L’institution a relevé de multiples conséquences à la crise mondiale. Ainsi le volume des échanges mondiaux, qui “a accusé une baisse spectaculaire de 14,4% en 2009“, ne devrait augmenter que de 4,3% cette année, a souligné la Banque. “Quelque 64 millions de personnes supplémentaires seront acculées à la misère (vivant avec moins de 1,25 dollar par jour) en 2010 à cause de la crise“, selon les calculs de l’institution.
Par ailleurs, elle table sur “une raréfaction et un renchérissement des capitaux destinés aux pays en développement” dans les cinq à dix prochaines années, dus à “l’aversion accrue pour le risque, une réglementation plus prudente et la nécessité d’adopter des pratiques de prêt moins libérales“.
Enfin, “dans cette situation toujours précaire, les cours du pétrole devraient se maintenir autour de 76 dollars le baril en moyenne et les prix des autres produits de base ne devraient pas augmenter de plus de 3% par an en moyenne en 2010 et 2011″, à moins d’une “perturbation importante de l’offre mondiale”, a ajouté l’institution.

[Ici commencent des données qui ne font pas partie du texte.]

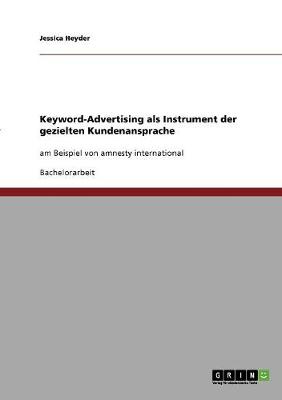 Keyword-Advertising ALS Instrument Der Gezielten Kundenansprache (Paperback)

“Etant donné l’importance des stocks et la faible hausse de pétrole attendue dans les prochaines années, il est prévu que les prix réels du pétrole n’augmentent pas de manière considérable”, selon les auteurs du rapport.
L’institution-soeur de la Banque mondiale, le Fonds monétaire international, doit publier le 27 janvier des prévisions mondiales actualisées. Il a prévenu qu’il relèverait sa prévision d’octobre, de 3,1% de croissance en 2010, selon un mode de calcul où les pays en développement pèsent plus lourd que dans celui retenu par la Banque mondiale.